When Bates chose to explore the 1804 Haitian revolution as the theme for its 2004 Martin Luther King Jr. Day observance, the choice revealed much about the wide-angle view that faculty and students apply to African American and Caribbean experiences.
The Ford Foundation has recognized the quality of this interdisciplinary approach, awarding Bates and Associate Professor of Anthropology Charles Carnegie a three-year, $300,000 grant, "Diasporic Knowledges," to re-imagine how the joined fields of Caribbean and African American studies should be understood and taught.
Carnegie, a member of the editorial collective for the Caribbean studies journal Small Axe ("If you are the big tree, we are the small axe, ready to cut you down," sang reggae star Bob Marley, using a Jamaican proverb) and chair of the African American studies program at Bates, produces groundbreaking approaches to the study of the African diaspora.
Born and raised in Jamaica, where he headed the African Caribbean Institute from 1987 to 1991, Carnegie recently has focused on identity and on issues of nationalism and transnationalism.

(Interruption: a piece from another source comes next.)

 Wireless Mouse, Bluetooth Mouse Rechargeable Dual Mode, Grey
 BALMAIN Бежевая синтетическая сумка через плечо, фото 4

His latest book, Postnationalism Prefigured: Caribbean Borderlands (Rutgers University Press, 2002), examines new ways of approaching and creating world community that accommodate local histories, cultures and loyalties in a larger global framework.
African American studies is at a juncture where it's rethinking itself, much the way intellectuals and scholars in the black diaspora did in the early 1970s, Carnegie says. "By asking uncomfortable questions about who we are and what we are thinking, by bringing gender studies to the forefront, we can question our nationalist presumptions as well as our racial ones."